I set this up before we picked up Amy’s laptop and the wireless router. It worked great at the time because The Box was in the same workgroup as the rest of the computers even though it was out in the living room. After we added the wireless router, getting into the box from the computers in the office became a major pain. I tried disabling DHCP on the router and setting The Box in the DMZ, but I still couldn’t get file and print sharing to work from the computers in the office.

After:

Network: After

By moving the wireless router into the office and connecting everything to the network through it (rather than the vonage router) file and print sharing is now so much smoother. We’ve had a wireless PCI adapter in the PC for a while, and since it’s now on the opposite side of the office, we decided to utilize that rather than running a long cat5 around the room.

New Furniture Layout:

Furniture Layout

Amy used Better Homes and Gardens’ Arrange-a-Room tool to create the new furniture layout. No, we don’t have pink office chairs, a blue futon, or white “server-room” tile in the office, but the little online tool saved us a lot of time.

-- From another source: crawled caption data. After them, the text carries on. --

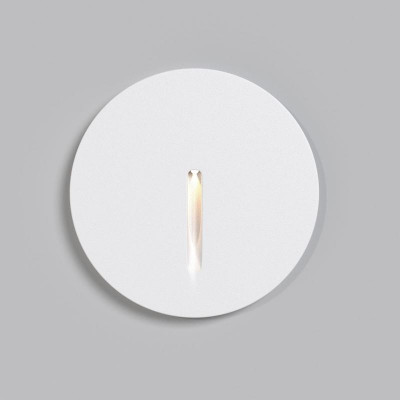 Светильник светодиодный Lock 3Вт 3000К IP54 подсветка для лестниц Maytoni O014SL-L3W3K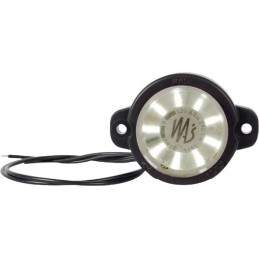 LED šviestuvas 519 priekyje 12 24v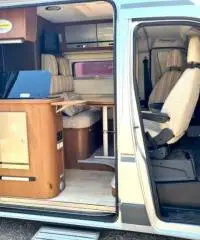 Camper Van Carmann Davis 590 4 posti Camper Van Carmann Davis 590 4 posti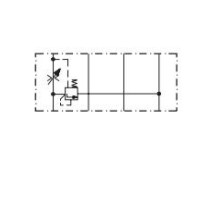 ARGO-HYTOS VSS1-306 3-Way-Flow Control Valves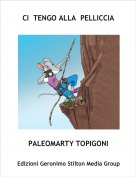 PALEOMARTY TOPIGONI - CI  TENGO ALLA  PELLICCIA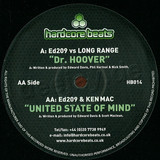 Ed209 Vs. Long Range & Ken Mac - Dr Hoover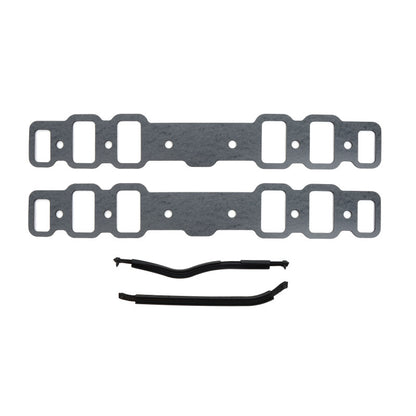 Cometic Gasket Cometic Oldsmobile 400/425 .060in Fiber Intake Gasket Kit-2.490in x 1.410in Rect. Ports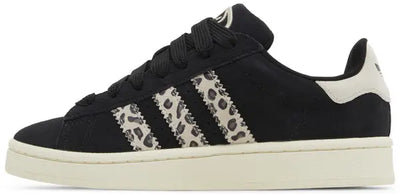 Wmns Campus 00s 'Black Leopard'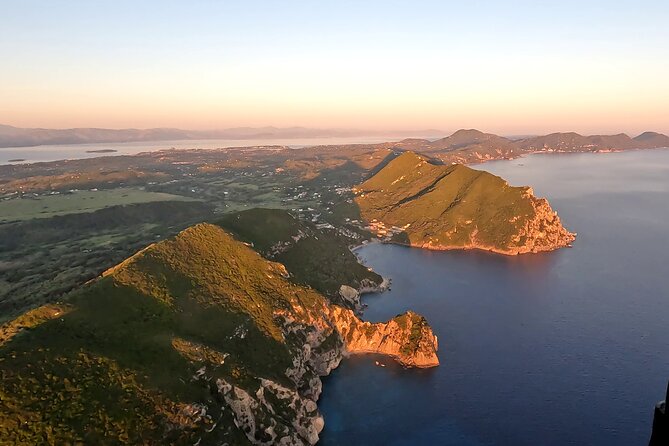 Paramotor Trike Flight at Corfu - Safety, Pilots, and The Feel Of Being “In Good Hands”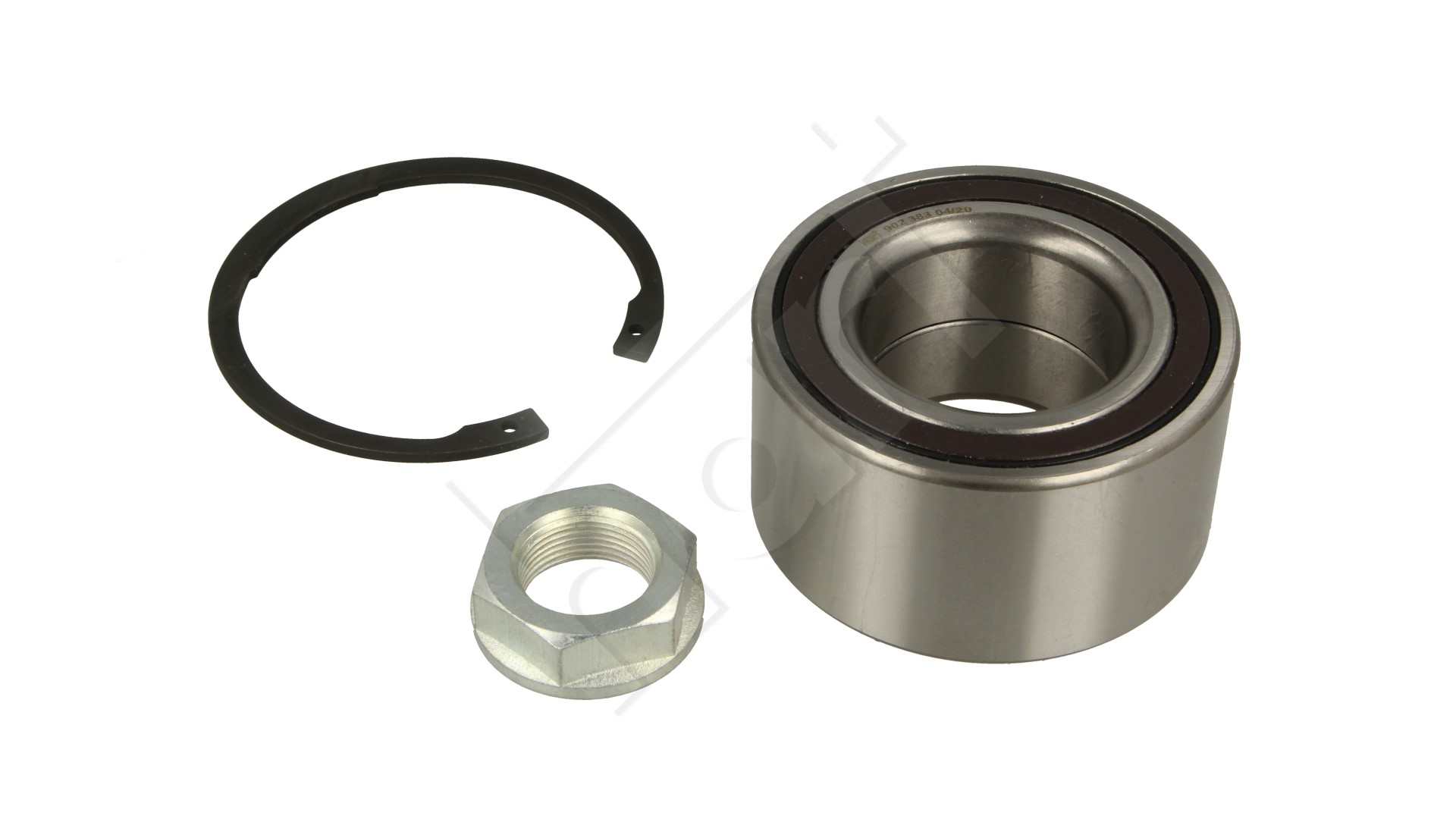 902 383_B LOZYSKA DO PIAST /P/ PEUGEOT 407 04-05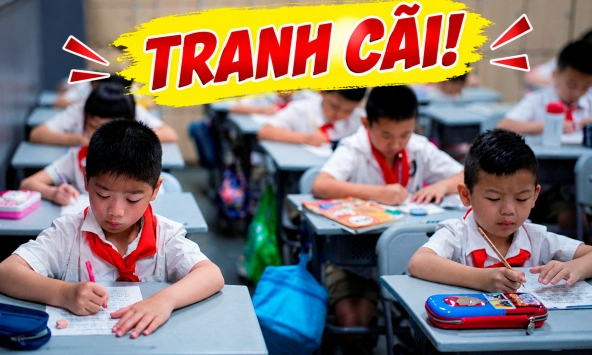 Quan điểm gây tranh cãi của thầy giáo Hà Nội: Giỏi tiếng Anh không đồng nghĩa giỏi Toán nhưng nhận thức tốt hơn người chỉ biết 1 ngôn ngữ
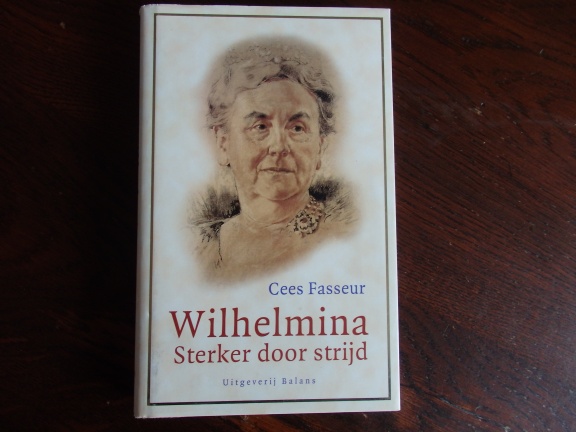 Wilhelmina, sterker door strijd. - nr. 1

So yea, even with the pretty Omni Graffle charts, and Amy’s furniture layout this is still quite possibly the most boring thing I’ve ever posted here. I don’t expect anybody to read this far into it or even find it useful. It’s really for posterity that I’m writing about our home network. You see, in a few months this network configuration will probably all change. In a few years I won’t even remember how I had things setup, and at some point I won’t even remember which computers we had when. I hope at that point that we will at least have flying cars or teleportation. Perhaps we’ll even have salmon flavored soda, USB beverage chillers or disappearing colored bubbles.

3 comments on “Home Networking

Brian says:

Too many routers… that’s the problem. I usually go from the cable modem to the wireless router and then everything that exceeds the capacity of the router goes to a switch. When I get a new wireless router, it’s usually an upgrade and I take the old one to my parents house. (I have a wirless router but only have it on when I’m home b/c we don’t need to share our connection with the neighbors.)

I used to know the technical explanation for your problem; I probably even knew the solution, but for the time being, it has left my mind. When the solution returns, I’ll let you know 🙂 I guess you could try to make the wireless router a wireless bridge, but I’m not 100% sure it has that capability and once you get something working, there’s no point in fixing it again.

Well we need the wired router for our Vonage service and we need the wireless router to provide wireless access to laptop…and now the PC. I guess we could consolidate those by buying the vonage router with wireless, but shelling out more money for a piece of equipment that does same job as the two I have now didn’t sound that appealing.

Ray says:

Why don’t you just turn all your monitors so they “see the printer”? HAHA! Oh, wait… I tried that and it didn’t work.